With so many third-line options, Dr. Telli asked, “How do you choose between T-DXd and tucatinib? That’s the million-dollar question we are struggling with, and now we also have margetuximab and neratinib in the mix.” Dr. Telli has been “thoroughly impressed” with T-DXd, but cannot ignore concerns about interstitial lung disease. “It is very important to respond quickly to pulmonary symptoms” by obtaining chest imaging, starting steroids, and discontinuing the drug upon any symptoms of pneumonitis, she emphasized.
For patients with brain metastases, the HER2CLIMB regimen of tucatinib/trastuzumab/capecitabine is an excellent option based on “clearly positive and impressive data,” she added. The availability of subcutaneous trastuzumab in combination with the oral agents capecitabine and tucatinib provides patients with an alternative to intravenously administered therapy.
TNBC: Does Platinum Add Value?
In early-stage TNBC, anthracycline/taxane (AC-T) remains the backbone of neoadjuvant therapy. A question still being explored is whether the addition of a platinum drug to a foundational regimen of AC-T improves outcomes. In most trials, it does improve pCR; however, this does not always correlate with longer-term outcomes, Dr. Gradishar said.
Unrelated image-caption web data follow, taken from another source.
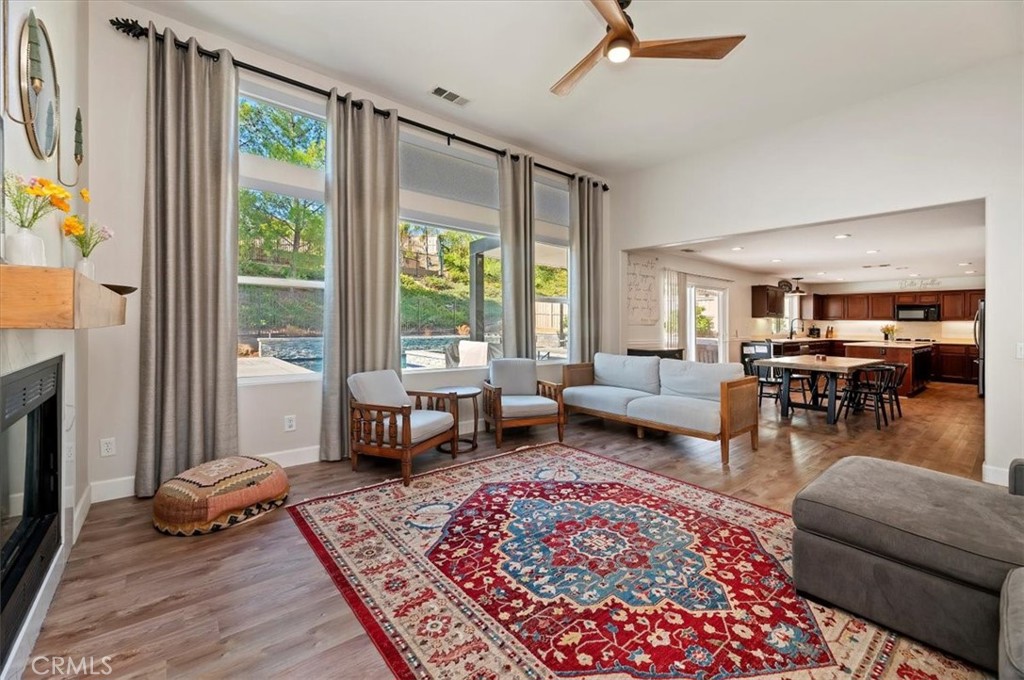 Lake Elsinore, California, 92532, United States, 4 Bedrooms Bedrooms, ,3 BathroomsBathrooms,Residential,For Sale,1939377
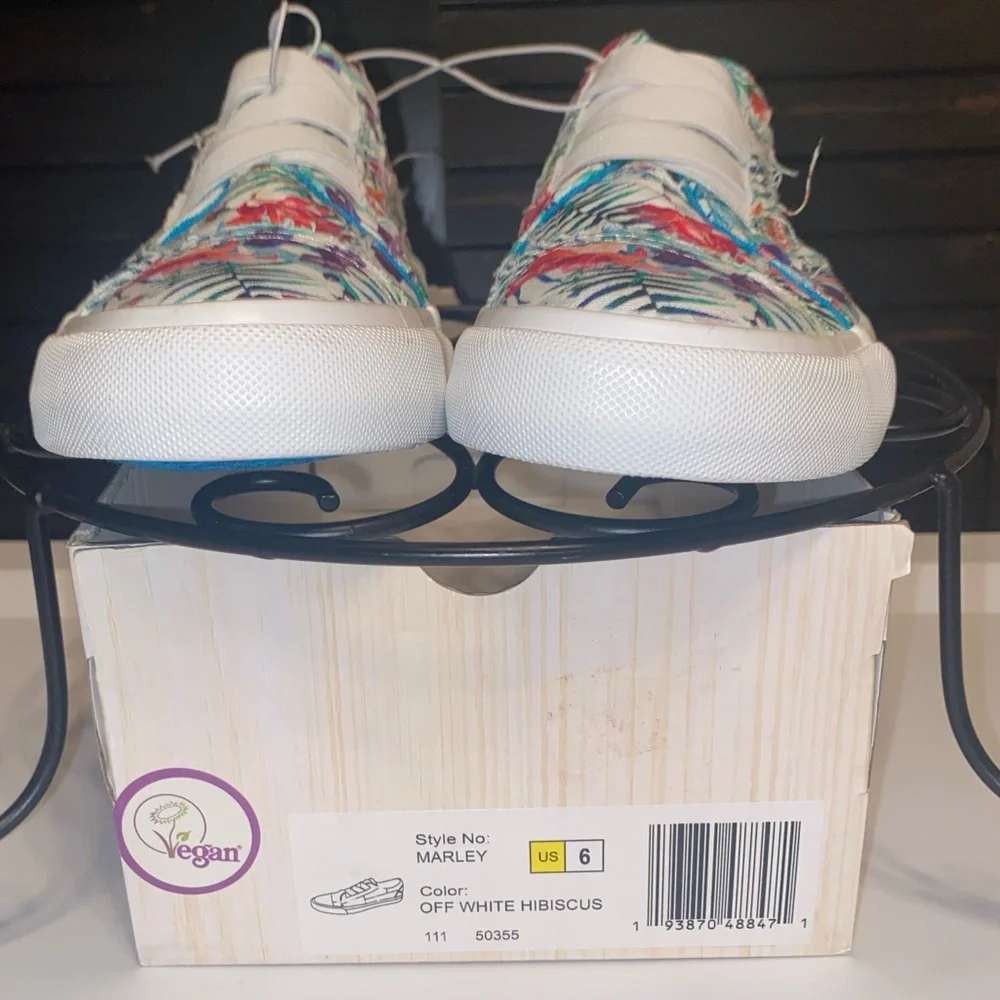 NIB Blowfish Canvas Slip On Hibiscus 6 - Picture 4 of 10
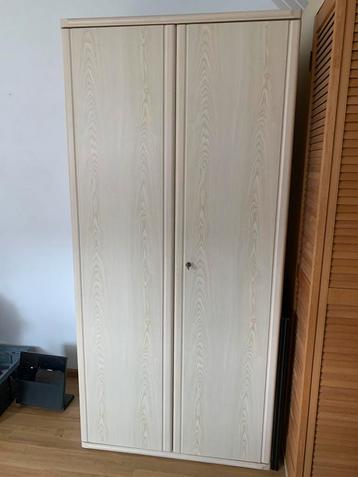 Garderobe kast beschikbaar voor biedingen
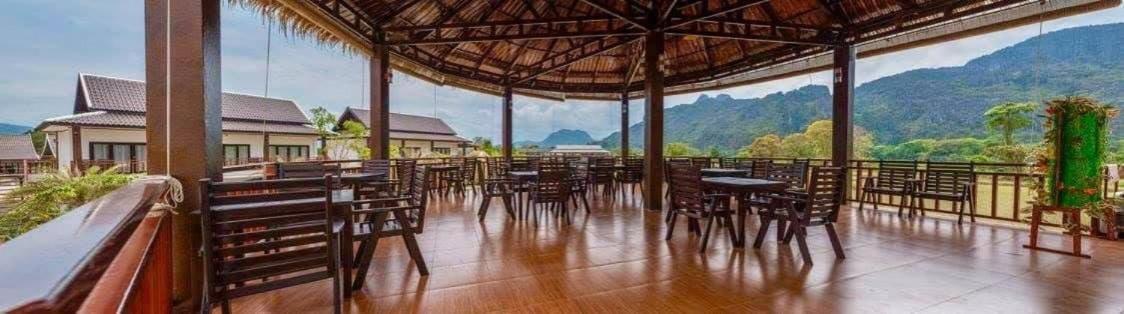 Vang Vieng Savanh Sunset View Resort Ngoại thất bức ảnh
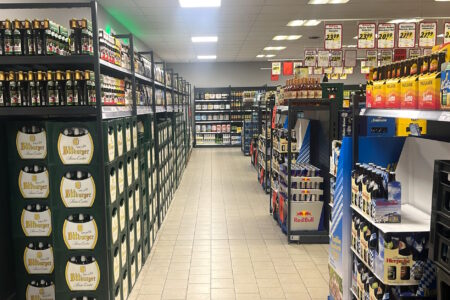 Gang mit Bierregalen und gestapelten Bierkisten im Getränke Star Getränkemarkt in Trier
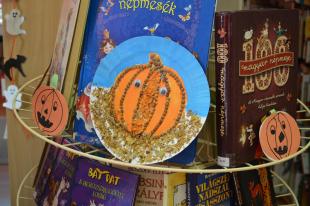 Halloween-i tök tálat is készítettek a gyerekek a könyvtár Tök-jó! elnevezésű programján.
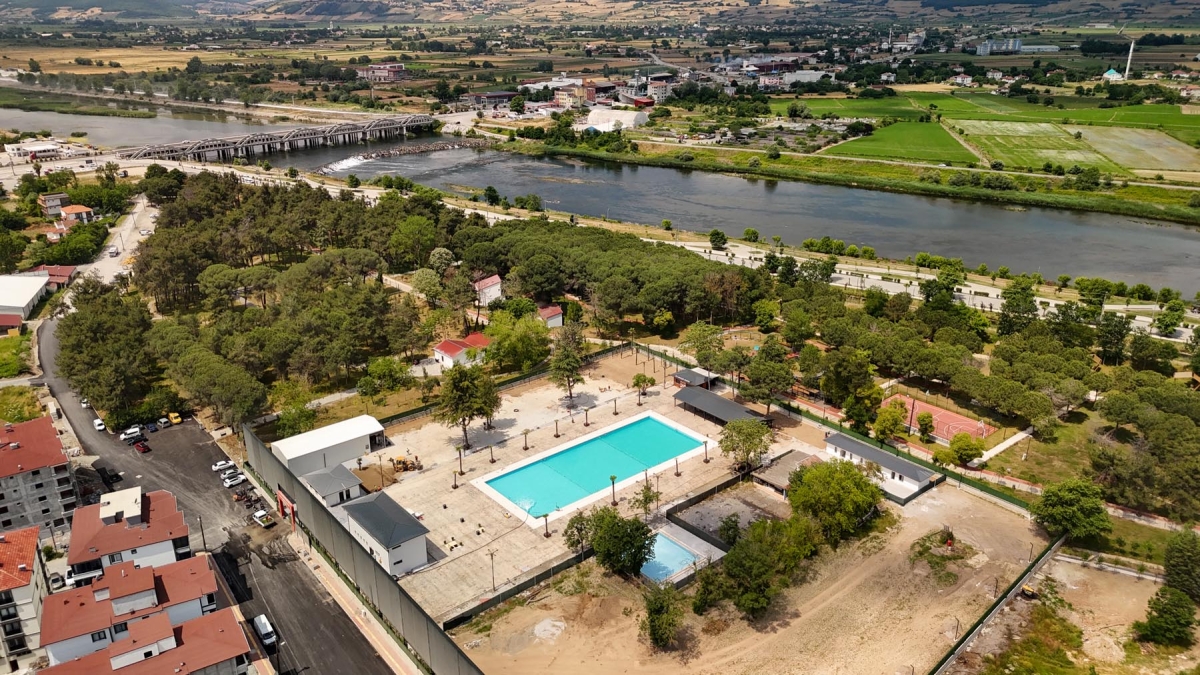 Ali Kale Turistik Tesisleri Yüzme Havuzu Yenilenen Yüzüyle Açılıyor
In GeparSixto, the addition of a platinum incrementally improved disease-free survival (HR, 0.56; P=.0224), although the foundational chemotherapy (paclitaxel + non-pegylated doxorubicin) may not have been optimal.12 In CALGB 40603, which used standard taxane followed by an anthracycline, the addition of platinum increased the pCR rate but not the event-free survival rate (HR, 0.84; P=.36).13 Additionally, a meta-analysis of a neoadjuvant trial incorporating a platinum found incremental improvement in pCR, no significant difference in event-free survival (HR, 0.72; P=.094) or OS (HR, 0.86; P=.651), and an increase in toxicity.14
“Does a platinum add benefit or not? We have dueling trials with different results,” Dr. Gradishar said. Therefore, the NCCN Breast Cancer Panel maintains that the inclusion of platinum is controversial (as noted in a footnote). Although they can be used, there is no compelling evidence to do so. This question may be answered in the ongoing NRG Br003 trial (ClinicalTrials.gov identifier: NCT02488967).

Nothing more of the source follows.